406から451にインチアップしてみた、その効果は?メリット&デメリットを解説|451化
先日、折りたたみミニベロ「BIKE FRIDAY ニューワールドツーリスト」のホイールサイズを、
標準の「406」から「451」に変更するカスタマイズ『451化インチアップ』をしたことを別の記事でお伝えしました。
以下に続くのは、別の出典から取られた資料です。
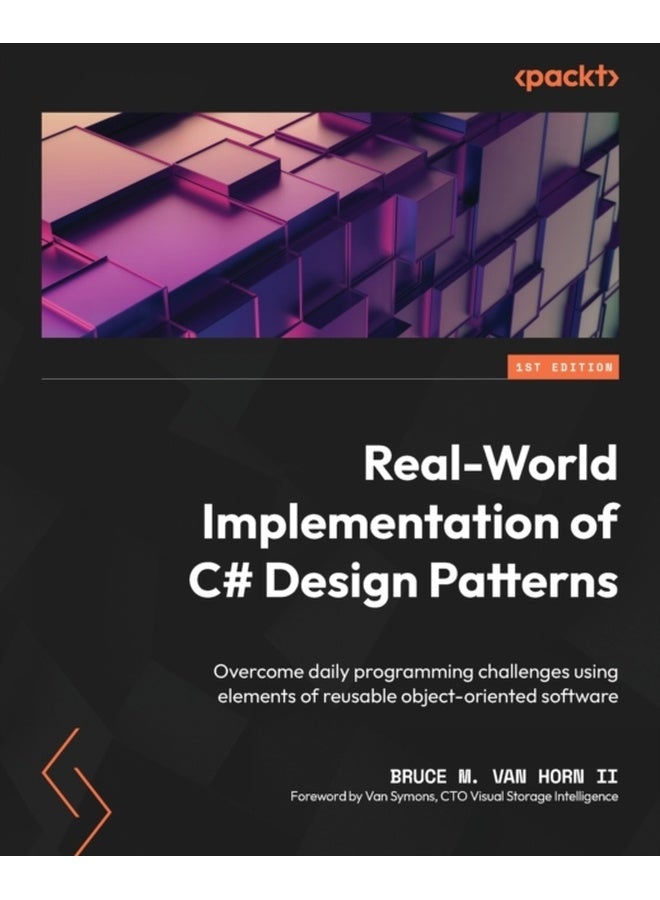 Real-World Implementation of C# Design Patterns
今回は「451化」してみて解ったその効果やメリット&デメリットをご紹介します。
ミニベロのインチアップを考えている人の参考になればと思います。
「451化」のカスタマイズ内容
今回「ニューワールドツーリスト」の451化は、以下の内容でパーツ変更をしました。
- リムを【406規格/22mm幅】から【451規格/19.5mm幅】に変更
- ハブを【カップ&コーン】から【シールドベアリング】に変更
- タイヤを【1.25インチ幅】から【1インチ幅】に変更
走行性能アップが目的なので「リム&タイヤ」はより細く、「ハブ」はより回るものにしました。
451化に使用するパーツで、効果は変わる?
「451化」の効果は使用するパーツによっても変わりますが、
効果の大半は「ホイール径の差」によるものなので、パーツによる違いは誤差程度であると考えて問題ないでしょう。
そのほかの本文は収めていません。